= Goal of the exercise =
Each line in the material below must be transcribed exactly; no picture belongs in the copy.

<<<<

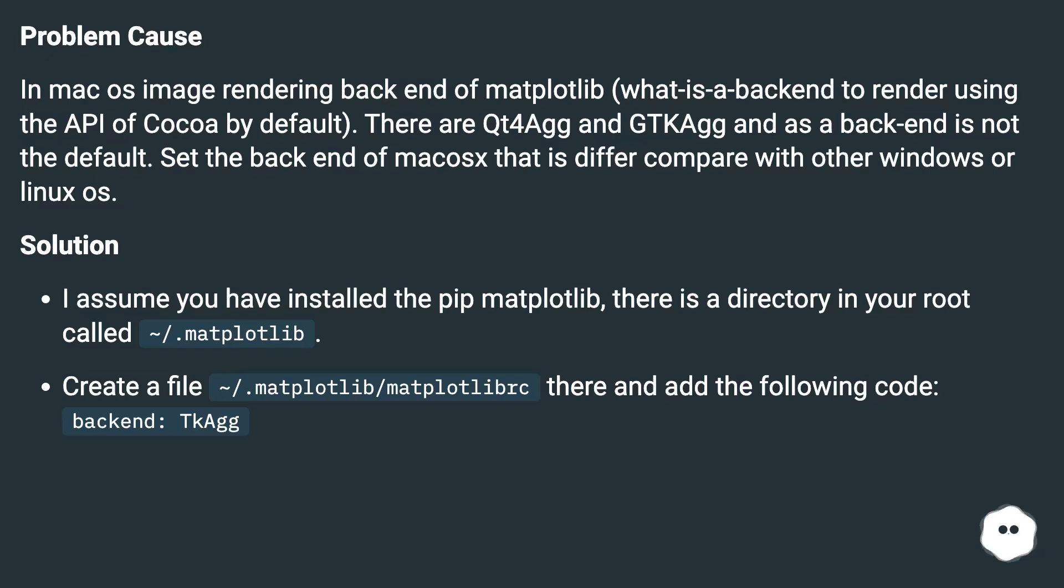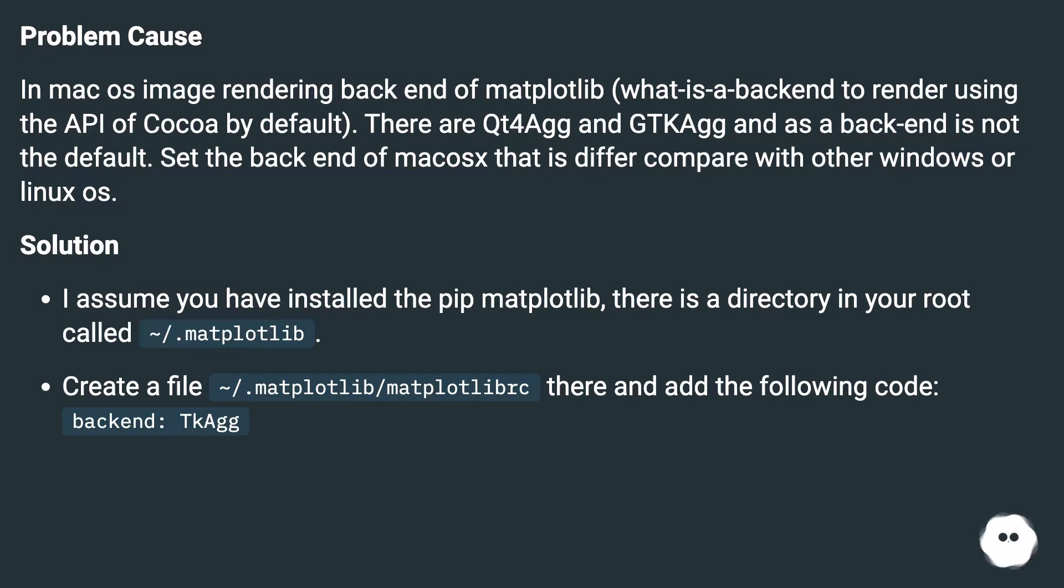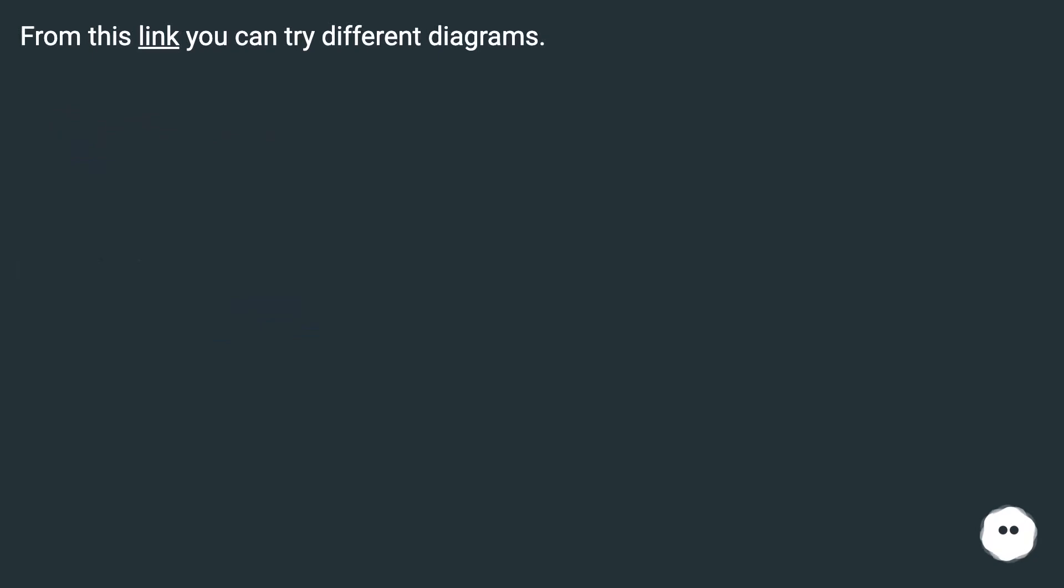Set the backend of macOS that differs compared with other Windows or Linux OS. Solution: I assume you have installed pip matplotlib - there is a directory in your root called ~/.matplotlib. Create a file ~/.matplotlib/matplotlibrc there and add the following code: backend: TkAgg. From this link you can try different backends.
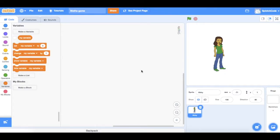Hello and welcome to Splotch Code. In this video I'm going to show you how to make a maths game in Scratch. Let's get started. I have chosen a sprite — you can pick anyone you like to have as your character. In this case I've just chosen Abby.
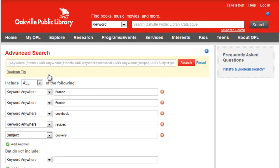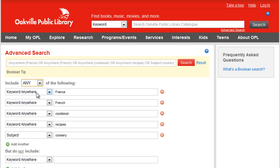For our advanced search, let's use the terms France, French, Cookbook, Recipes, and Cookery. I have taken a moment to add all of our terms as keywords and authorities. Now we need to change a few things to create our desired search string. The drop-down menu needs to be changed from All to Any, because we don't require our search results to contain every term, just one term from each concept — France and cooking.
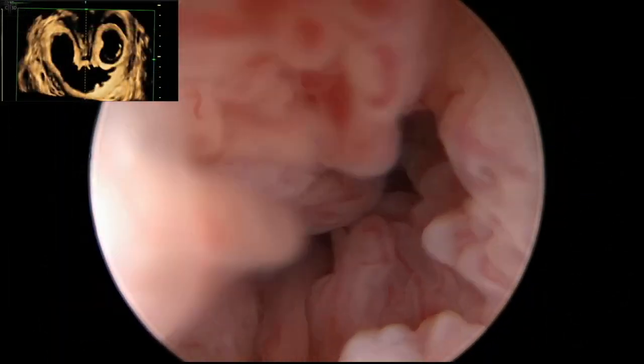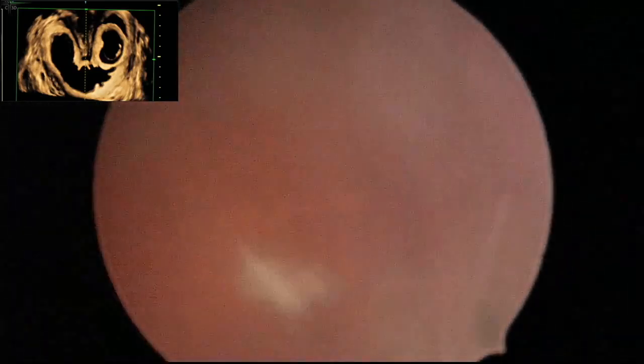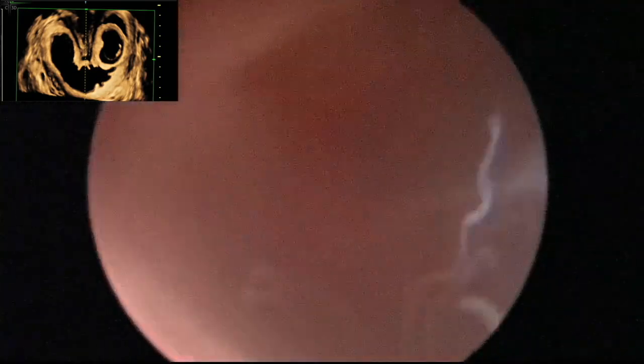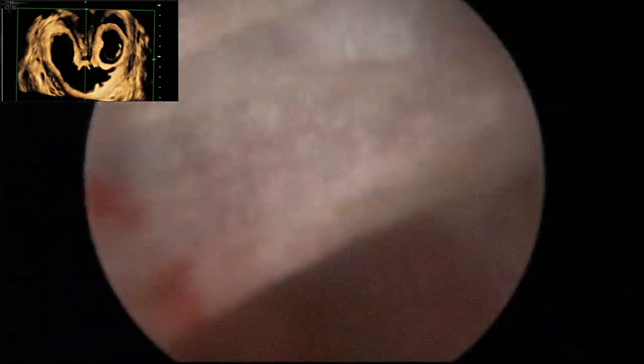Diagnostic hysteroscopy under regional anesthesia was performed using a 5 mm continuous flow hysteroscope with a 30-degree optic. Upon entering the uterine cavity, a partial septum arising from the uterine fundus and extending down to the lower third of the uterine cavity was noted. The gestational sac was identified in the left hemic cavity; the right hemic cavity was noted to be empty.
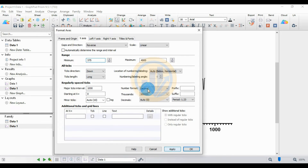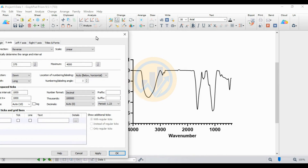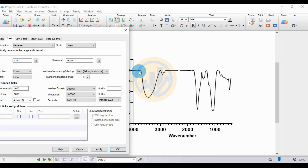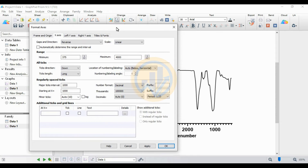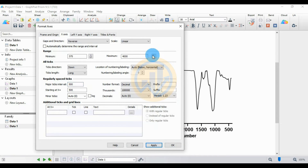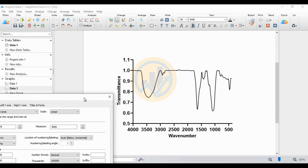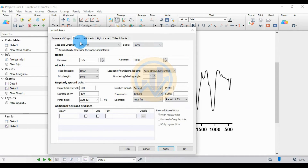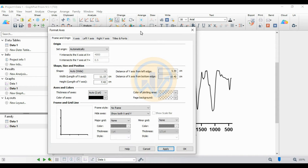Click Apply. The FTIR graph now shows the X-axis from 4000 to 375. Go to the next option: change the major tick interval to 500, then click Apply. This sets the major interval to 500 for the X-axis wave numbers.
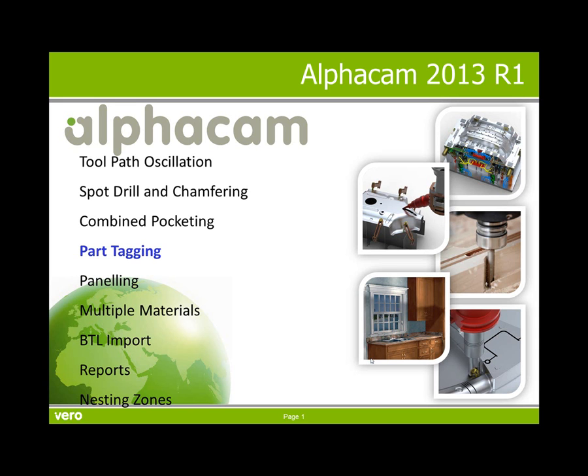Hello, my name is John Edmondson. This is a presentation of part tagging, one of the powerful features that has been added to AlphaCam 2013 R1.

>>>>

= Output for this task =
Set the backend of macOS that differs compared with other Windows or Linux OS. Solution: I assume you have installed pip matplotlib - there is a directory in your root called ~/.matplotlib. Create a file ~/.matplotlib/matplotlibrc there and add the following code: backend: TkAgg. From this link you can try different backends.
Hello and welcome to Splotch Code. In this video I'm going to show you how to make a maths game in Scratch. Let's get started. I have chosen a sprite — you can pick anyone you like to have as your character. In this case I've just chosen Abby.
For our advanced search, let's use the terms France, French, Cookbook, Recipes, and Cookery. I have taken a moment to add all of our terms as keywords and authorities. Now we need to change a few things to create our desired search string. The drop-down menu needs to be changed from All to Any, because we don't require our search results to contain every term, just one term from each concept — France and cooking.
Diagnostic hysteroscopy under regional anesthesia was performed using a 5 mm continuous flow hysteroscope with a 30-degree optic. Upon entering the uterine cavity, a partial septum arising from the uterine fundus and extending down to the lower third of the uterine cavity was noted. The gestational sac was identified in the left hemic cavity; the right hemic cavity was noted to be empty.
Click Apply. The FTIR graph now shows the X-axis from 4000 to 375. Go to the next option: change the major tick interval to 500, then click Apply. This sets the major interval to 500 for the X-axis wave numbers.
Hello, my name is John Edmondson. This is a presentation of part tagging, one of the powerful features that has been added to AlphaCam 2013 R1.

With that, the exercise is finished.